Black Hole Formed Before Its Galaxy, Webb Telescope Finds

Scientists using NASA's James Webb Space Telescope just turned our understanding of the universe upside down in the best possible way.

They found a supermassive black hole that apparently didn't need a galaxy to form first. The black hole, located in a system called Abell2744-QSO1, existed just 700 million years after the Big Bang and makes up at least two-thirds of its host system's total mass.

"It's a paradigm shift, a total revisiting of the classical scenarios of how black holes form and grow," said Roberto Maiolino of Cambridge University, who co-authored the research.

The discovery happened when researchers examined what they call "little red dots," mysterious objects the Webb Telescope first spotted. Using the telescope's advanced imaging technology, they tracked gas swirling around QSO1's center and discovered something remarkable.

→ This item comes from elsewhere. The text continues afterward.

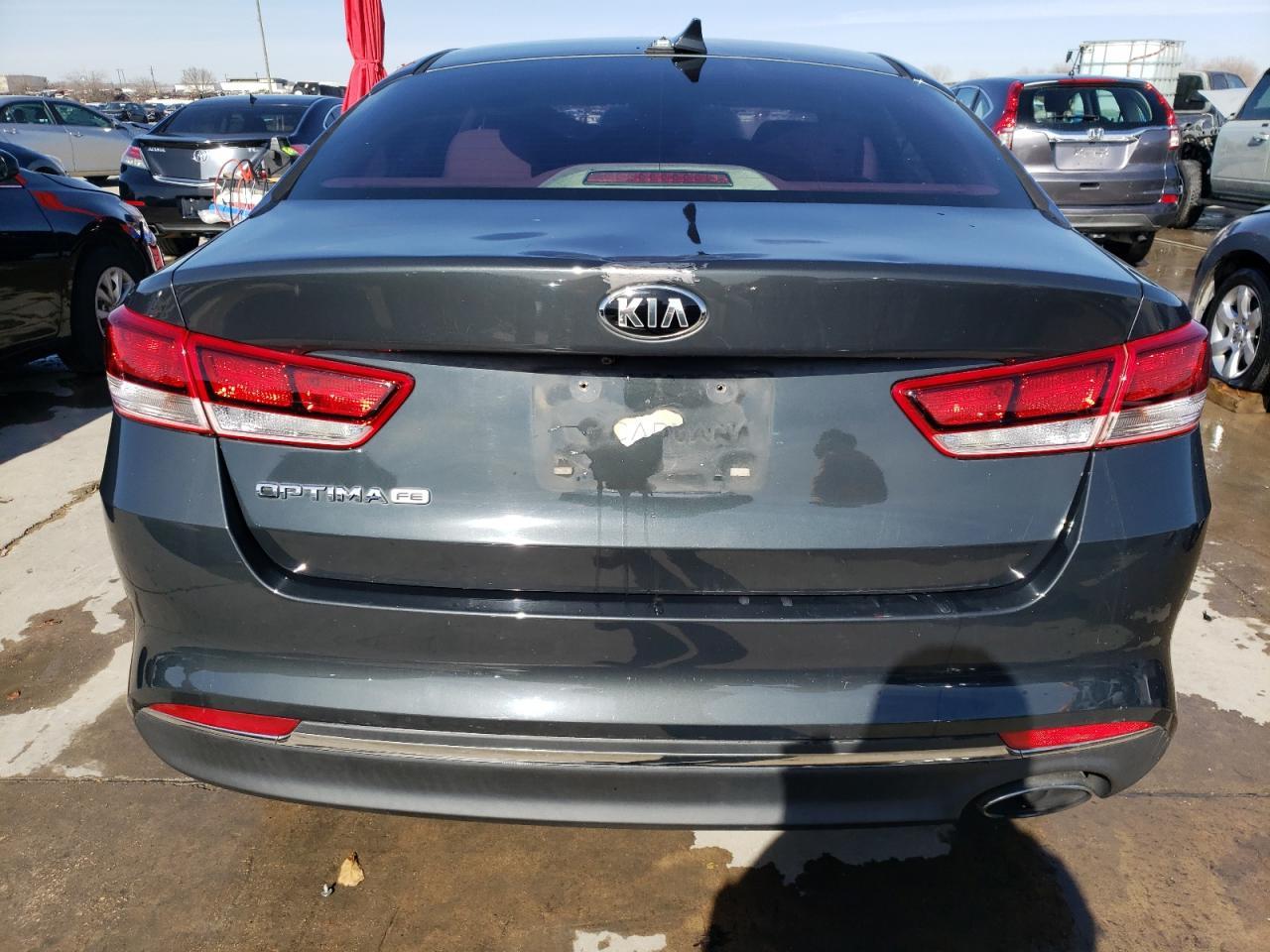 2016 KIA OPTIMA LX - Image 6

The gas moves in perfect Keplerian motion, the same way planets orbit our Sun. That pattern told scientists something surprising: nearly all the mass sits concentrated in the black hole itself, not spread out among stars.

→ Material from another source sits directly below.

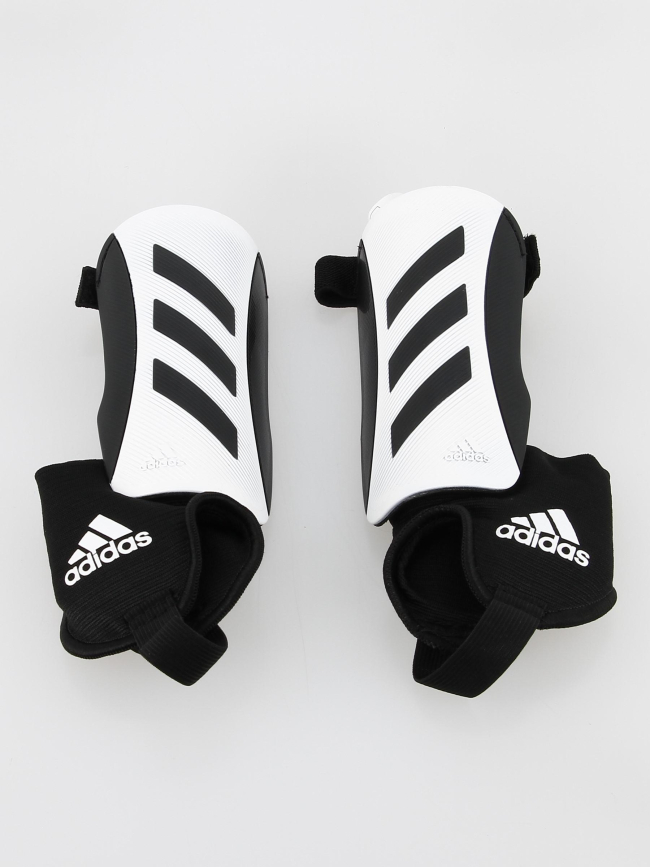 Sportout Protège-Tibias De Football Pour Enfants Et Adultes Avec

Cambridge graduate student Ignas Juodžbalis led the research team that calculated the black hole's mass directly from these gas velocity measurements. The black hole weighs about 50 million times the mass of our Sun.

In galaxies we can see nearby, supermassive black holes make up just a tiny fraction of their galaxy's total mass. But this ancient black hole is thousands of times more dominant in its system.

"We have found a black hole that does not have a substantial host galaxy and that has predated stellar processes," Juodžbalis explained. "This is evidence for primordial black holes or direct collapse black holes, which have been theorised but not confirmed."

Why This Inspires

This discovery proves that theories scientists have worked on for years were right all along. The universe had another way to create massive black holes beyond what we'd observed.

The team got lucky in one crucial way. QSO1 sits behind a massive galaxy cluster called Pandora's Cluster, which acts like a natural magnifying glass. This gravitational lensing effect made the ancient black hole appear three times in different sky locations, giving researchers multiple views to study.

The finding opens new questions about the early universe and how it evolved. If black holes could form this way billions of years ago, what else might we discover about those first cosmic moments?

Scientists can now search for more of these primordial black holes with confidence, knowing exactly what signatures to look for. Each discovery will paint a clearer picture of how our universe began and grew into what we see today.